Most systems (besides Microsoft Windows) come with pre-installed BLAS/LAPACK which are satisfactory for many PETSc simulations.

The freely available Intel MKL mathematics libraries provide BLAS/LAPACK that are generally better performing than the system provided libraries and are generally fine for most users.

For systems that do not provide BLAS/LAPACK, such as Microsoft Windows, PETSc provides the Fortran reference version --download-fblaslapack and a f2c generated C version --download-f2cblaslapack (which also supports 128 bit real number computations). These libraries are less optimized but useful to get started with PETSc easily.

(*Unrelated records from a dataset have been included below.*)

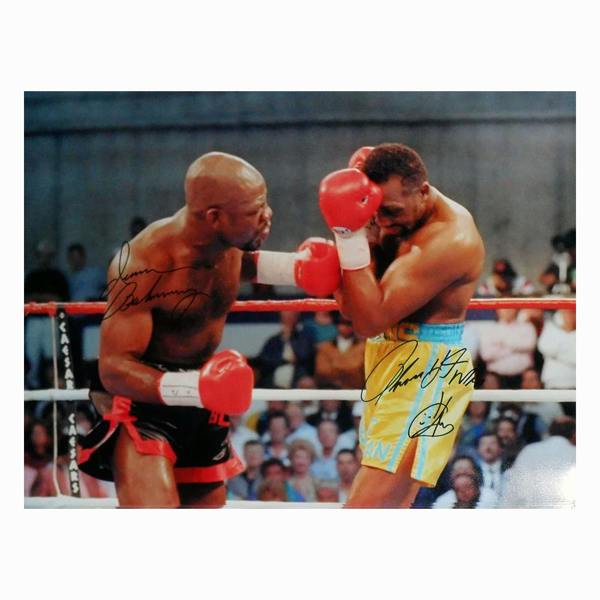 Thomas Hearns & Iran Barkley signed 16x12 photo — Unframed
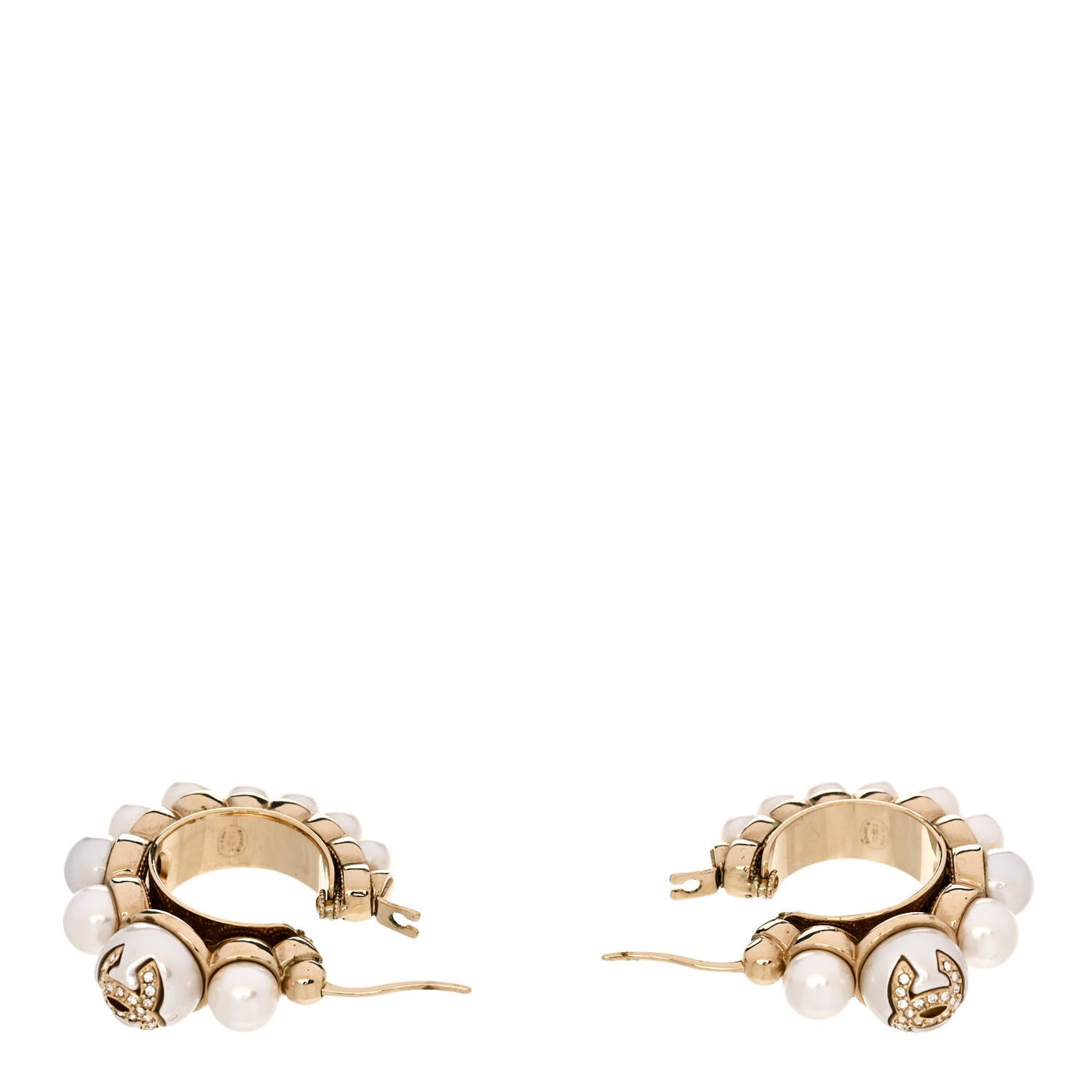 Crystal Pearl CC Hoop Earrings Gold White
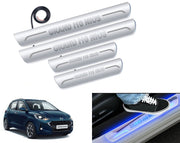 Auto Pearl Car Door Foot Step Led Sill/Scuff Plates With Mirror Finish Compatible with All Models (Set of 4)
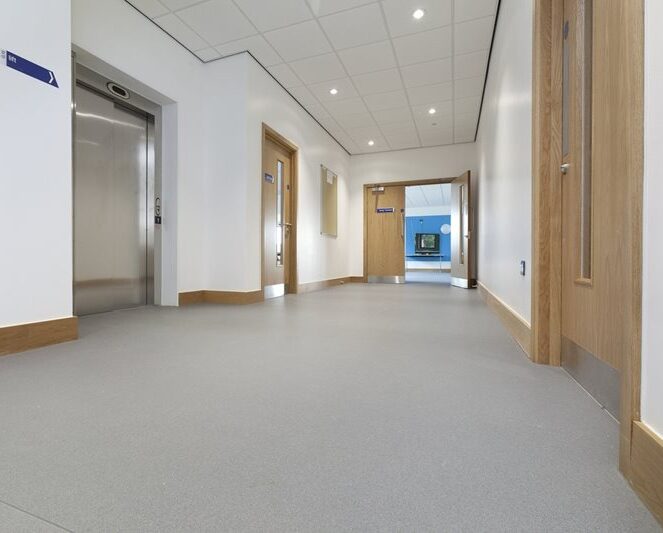 Commercial contract and safety vinyl in a high foot fall area by local Cheltenham company Parsons Flooring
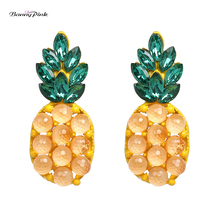 Banny Pink Full Rhinestone Pineapple Earrings For Women Cute Crystal Statement Studs Earrings Lovely Fruit Metal Post Earrings 2024 - buy cheap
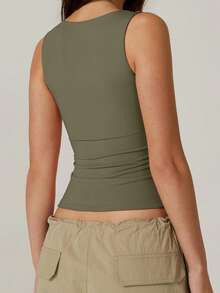 Women's Square Neck Tank Tops Sleeveless Solid Color Slim Fit Tank Tops Summer Shirts - 軍綠色 - 查看 6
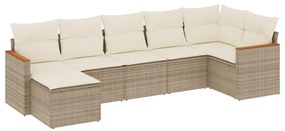 3258593 vidaXL Градински диван с възглавници, 7 части, бежов полиратан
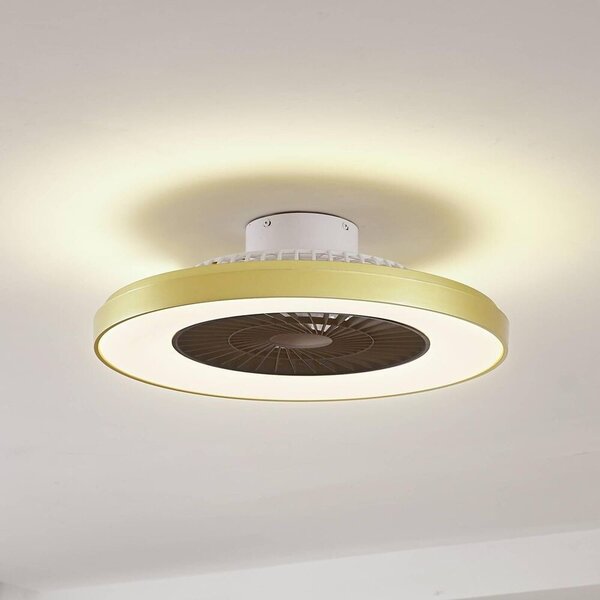 Lindby - Teleo LED Ventilatore a soffitto Ottone Lindby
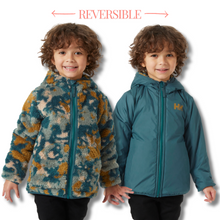 Load image into Gallery viewer, Helly Hansen Kids Champ Reversible Full Zip Hooded Fleece (Dark Creek/Splash Camo)(Ages 1-7)
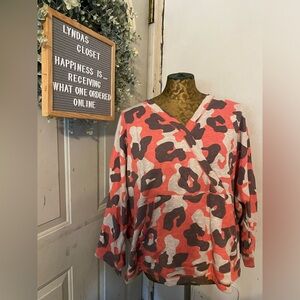 Anybody Coral and Grey Camo Sweatshirt with Kangaroo Pouch Size 1X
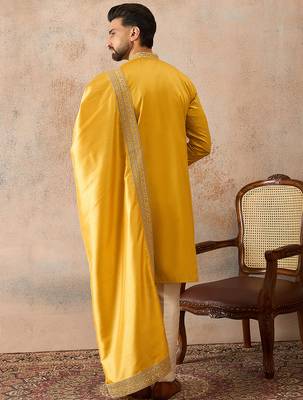 Mens yellow silk blend solid embroidered kurta with dupatta 4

PETSc also provides access to OpenBLAS via the --download-openblas configure option. OpenBLAS uses some highly optimized operations but falls back on reference routines for many other operations. See the OpenBLAS manual for more information. The configure option --download-openblas provides a full BLAS/LAPACK implementation.

BLIS does not bundle LAPACK with it so PETSc’s configure attempts to locate a compatible system LAPACK library to use if --download-blis is selected. One can use --download-f2cblaslapack --download-blis. This is recommended as a portable high-performance option. It is possible if you use --download-blis without --download-f2cblaslapack the BLIS library installed will not be used! Instead, PETSc will link in some LAPACK implementation and the BLAS that comes with that implementation!